DATA EXCERPTS:
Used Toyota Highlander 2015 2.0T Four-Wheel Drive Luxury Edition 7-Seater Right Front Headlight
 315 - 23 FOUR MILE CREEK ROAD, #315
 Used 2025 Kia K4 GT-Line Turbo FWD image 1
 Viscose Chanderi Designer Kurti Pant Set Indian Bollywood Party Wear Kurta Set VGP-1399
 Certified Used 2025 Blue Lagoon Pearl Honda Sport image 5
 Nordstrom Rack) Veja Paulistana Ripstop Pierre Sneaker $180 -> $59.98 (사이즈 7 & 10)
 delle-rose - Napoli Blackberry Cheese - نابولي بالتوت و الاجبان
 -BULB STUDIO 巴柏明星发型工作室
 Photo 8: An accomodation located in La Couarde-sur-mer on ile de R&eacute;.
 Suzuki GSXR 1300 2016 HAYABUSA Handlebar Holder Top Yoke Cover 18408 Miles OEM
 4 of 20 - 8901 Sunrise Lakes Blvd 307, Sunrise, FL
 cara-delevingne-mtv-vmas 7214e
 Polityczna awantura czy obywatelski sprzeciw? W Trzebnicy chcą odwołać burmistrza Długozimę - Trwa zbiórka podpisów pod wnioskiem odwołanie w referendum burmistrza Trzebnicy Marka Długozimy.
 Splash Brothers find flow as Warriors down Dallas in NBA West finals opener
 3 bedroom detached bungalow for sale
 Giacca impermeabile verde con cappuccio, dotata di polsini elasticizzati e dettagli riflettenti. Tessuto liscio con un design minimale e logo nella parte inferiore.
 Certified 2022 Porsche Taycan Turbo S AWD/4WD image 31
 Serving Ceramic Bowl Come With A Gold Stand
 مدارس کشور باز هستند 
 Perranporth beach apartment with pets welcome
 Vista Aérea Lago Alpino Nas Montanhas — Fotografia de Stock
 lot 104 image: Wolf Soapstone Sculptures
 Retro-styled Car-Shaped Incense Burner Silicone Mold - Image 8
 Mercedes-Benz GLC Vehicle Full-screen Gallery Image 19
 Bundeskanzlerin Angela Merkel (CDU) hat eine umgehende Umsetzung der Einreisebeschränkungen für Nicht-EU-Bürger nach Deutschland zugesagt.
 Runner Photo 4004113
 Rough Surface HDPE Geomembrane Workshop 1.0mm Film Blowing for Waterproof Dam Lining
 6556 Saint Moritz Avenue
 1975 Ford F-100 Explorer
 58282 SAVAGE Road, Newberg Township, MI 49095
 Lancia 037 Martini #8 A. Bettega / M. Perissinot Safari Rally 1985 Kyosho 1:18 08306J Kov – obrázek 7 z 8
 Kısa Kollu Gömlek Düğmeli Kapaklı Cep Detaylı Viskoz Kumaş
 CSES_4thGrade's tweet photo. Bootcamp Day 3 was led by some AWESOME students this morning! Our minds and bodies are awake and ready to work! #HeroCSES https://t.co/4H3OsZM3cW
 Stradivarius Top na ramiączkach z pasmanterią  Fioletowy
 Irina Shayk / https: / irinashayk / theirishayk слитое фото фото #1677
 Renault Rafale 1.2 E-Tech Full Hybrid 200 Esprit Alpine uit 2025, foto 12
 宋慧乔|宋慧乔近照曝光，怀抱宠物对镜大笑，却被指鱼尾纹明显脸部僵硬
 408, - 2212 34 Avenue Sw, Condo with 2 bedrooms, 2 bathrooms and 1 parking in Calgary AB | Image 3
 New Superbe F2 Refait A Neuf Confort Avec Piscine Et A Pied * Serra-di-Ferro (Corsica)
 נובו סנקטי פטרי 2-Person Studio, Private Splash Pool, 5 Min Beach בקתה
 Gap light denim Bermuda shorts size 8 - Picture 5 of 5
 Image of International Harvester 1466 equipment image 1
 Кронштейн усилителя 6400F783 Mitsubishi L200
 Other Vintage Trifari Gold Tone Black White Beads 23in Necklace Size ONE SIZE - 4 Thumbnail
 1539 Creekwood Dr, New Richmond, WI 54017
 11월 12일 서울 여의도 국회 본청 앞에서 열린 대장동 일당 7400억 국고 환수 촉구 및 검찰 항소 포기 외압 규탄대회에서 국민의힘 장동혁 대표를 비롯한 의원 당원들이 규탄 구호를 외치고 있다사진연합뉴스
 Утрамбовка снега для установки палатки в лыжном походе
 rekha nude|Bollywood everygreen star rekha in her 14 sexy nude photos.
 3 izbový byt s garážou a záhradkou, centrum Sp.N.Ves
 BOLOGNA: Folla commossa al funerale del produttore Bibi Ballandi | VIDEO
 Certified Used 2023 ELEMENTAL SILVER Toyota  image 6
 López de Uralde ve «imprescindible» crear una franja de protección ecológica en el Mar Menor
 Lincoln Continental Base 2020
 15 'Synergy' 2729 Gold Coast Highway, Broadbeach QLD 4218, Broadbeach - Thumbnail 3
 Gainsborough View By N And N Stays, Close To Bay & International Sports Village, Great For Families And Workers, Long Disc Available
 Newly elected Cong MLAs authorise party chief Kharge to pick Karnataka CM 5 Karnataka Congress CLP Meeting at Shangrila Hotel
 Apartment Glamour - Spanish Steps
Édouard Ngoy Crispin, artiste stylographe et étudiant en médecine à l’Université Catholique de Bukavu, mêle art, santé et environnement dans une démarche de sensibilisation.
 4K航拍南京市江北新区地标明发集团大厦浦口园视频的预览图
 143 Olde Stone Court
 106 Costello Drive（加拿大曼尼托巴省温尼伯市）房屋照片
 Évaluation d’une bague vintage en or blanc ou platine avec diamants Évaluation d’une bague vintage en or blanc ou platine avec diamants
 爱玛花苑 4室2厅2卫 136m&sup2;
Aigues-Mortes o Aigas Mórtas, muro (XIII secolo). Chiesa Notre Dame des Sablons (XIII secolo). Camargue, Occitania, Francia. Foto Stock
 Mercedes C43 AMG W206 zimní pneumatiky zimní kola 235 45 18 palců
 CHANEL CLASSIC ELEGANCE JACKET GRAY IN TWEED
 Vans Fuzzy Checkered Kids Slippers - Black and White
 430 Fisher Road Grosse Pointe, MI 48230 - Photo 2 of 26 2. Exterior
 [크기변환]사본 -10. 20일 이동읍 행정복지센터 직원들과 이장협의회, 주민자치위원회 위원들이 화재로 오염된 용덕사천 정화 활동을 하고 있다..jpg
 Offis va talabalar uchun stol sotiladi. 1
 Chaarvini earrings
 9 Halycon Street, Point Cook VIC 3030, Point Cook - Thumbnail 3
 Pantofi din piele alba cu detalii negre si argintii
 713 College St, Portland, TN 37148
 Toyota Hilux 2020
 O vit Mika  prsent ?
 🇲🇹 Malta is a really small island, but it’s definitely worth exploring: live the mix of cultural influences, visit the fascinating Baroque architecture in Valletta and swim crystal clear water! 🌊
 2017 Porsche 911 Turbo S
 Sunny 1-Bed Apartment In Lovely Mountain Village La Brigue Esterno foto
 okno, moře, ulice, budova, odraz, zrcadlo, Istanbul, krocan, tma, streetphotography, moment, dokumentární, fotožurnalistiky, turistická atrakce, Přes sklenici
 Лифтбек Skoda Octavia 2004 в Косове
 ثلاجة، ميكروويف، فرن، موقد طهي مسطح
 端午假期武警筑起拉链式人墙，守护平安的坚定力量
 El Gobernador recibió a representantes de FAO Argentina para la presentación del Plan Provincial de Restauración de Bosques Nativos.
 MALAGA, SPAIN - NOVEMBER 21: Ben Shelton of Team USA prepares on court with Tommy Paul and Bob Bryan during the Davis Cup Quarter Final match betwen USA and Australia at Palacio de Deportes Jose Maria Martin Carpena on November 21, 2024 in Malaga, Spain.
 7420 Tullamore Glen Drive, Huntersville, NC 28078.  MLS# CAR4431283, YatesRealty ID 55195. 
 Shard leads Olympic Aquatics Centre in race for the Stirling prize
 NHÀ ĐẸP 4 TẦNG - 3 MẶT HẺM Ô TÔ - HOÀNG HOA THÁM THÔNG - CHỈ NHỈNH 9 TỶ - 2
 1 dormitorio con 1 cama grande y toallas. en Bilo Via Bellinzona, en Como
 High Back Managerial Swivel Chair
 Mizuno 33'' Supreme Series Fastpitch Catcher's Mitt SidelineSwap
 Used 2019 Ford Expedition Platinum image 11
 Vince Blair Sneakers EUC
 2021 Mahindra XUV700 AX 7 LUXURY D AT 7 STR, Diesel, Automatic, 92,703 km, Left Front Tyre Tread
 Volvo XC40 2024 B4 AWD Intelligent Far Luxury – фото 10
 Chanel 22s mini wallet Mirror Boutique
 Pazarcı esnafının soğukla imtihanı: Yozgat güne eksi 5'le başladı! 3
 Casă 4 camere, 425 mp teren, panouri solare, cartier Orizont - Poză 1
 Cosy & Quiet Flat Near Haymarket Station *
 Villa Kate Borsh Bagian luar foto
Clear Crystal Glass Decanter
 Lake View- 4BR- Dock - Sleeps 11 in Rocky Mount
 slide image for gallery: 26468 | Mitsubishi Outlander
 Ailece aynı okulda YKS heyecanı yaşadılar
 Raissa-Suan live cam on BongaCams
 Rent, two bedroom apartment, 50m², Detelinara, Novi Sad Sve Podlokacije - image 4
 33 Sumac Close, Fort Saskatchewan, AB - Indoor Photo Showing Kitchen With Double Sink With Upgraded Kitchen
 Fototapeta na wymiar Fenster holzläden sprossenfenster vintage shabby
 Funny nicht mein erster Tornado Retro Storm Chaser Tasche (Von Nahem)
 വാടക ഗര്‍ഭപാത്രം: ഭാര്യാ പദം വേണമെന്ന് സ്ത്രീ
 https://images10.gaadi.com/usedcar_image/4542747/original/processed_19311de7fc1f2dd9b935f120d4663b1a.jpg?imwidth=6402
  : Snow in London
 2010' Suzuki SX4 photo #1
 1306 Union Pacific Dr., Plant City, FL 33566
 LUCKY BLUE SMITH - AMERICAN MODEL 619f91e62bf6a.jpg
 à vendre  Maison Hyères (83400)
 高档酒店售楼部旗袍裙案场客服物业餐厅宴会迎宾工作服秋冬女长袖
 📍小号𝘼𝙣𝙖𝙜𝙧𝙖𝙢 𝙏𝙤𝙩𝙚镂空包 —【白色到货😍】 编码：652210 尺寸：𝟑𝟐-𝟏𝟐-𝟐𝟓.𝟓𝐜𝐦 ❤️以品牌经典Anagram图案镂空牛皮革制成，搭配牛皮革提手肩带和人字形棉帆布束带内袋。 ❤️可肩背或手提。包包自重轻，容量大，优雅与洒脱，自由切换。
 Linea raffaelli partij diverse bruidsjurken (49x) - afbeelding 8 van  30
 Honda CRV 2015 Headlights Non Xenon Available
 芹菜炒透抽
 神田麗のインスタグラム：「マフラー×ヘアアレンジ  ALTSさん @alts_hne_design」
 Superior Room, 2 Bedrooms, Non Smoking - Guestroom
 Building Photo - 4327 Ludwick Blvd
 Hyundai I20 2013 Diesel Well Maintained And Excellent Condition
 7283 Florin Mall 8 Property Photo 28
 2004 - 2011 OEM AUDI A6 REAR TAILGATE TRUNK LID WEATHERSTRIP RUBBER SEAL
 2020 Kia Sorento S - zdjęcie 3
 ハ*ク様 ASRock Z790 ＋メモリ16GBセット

WHAT IS BEING ASKED: Go through the records above and, whenever a line includes the word "Blvd", copy it.

RESULT BELOW:
 4 of 20 - 8901 Sunrise Lakes Blvd 307, Sunrise, FL
 Building Photo - 4327 Ludwick Blvd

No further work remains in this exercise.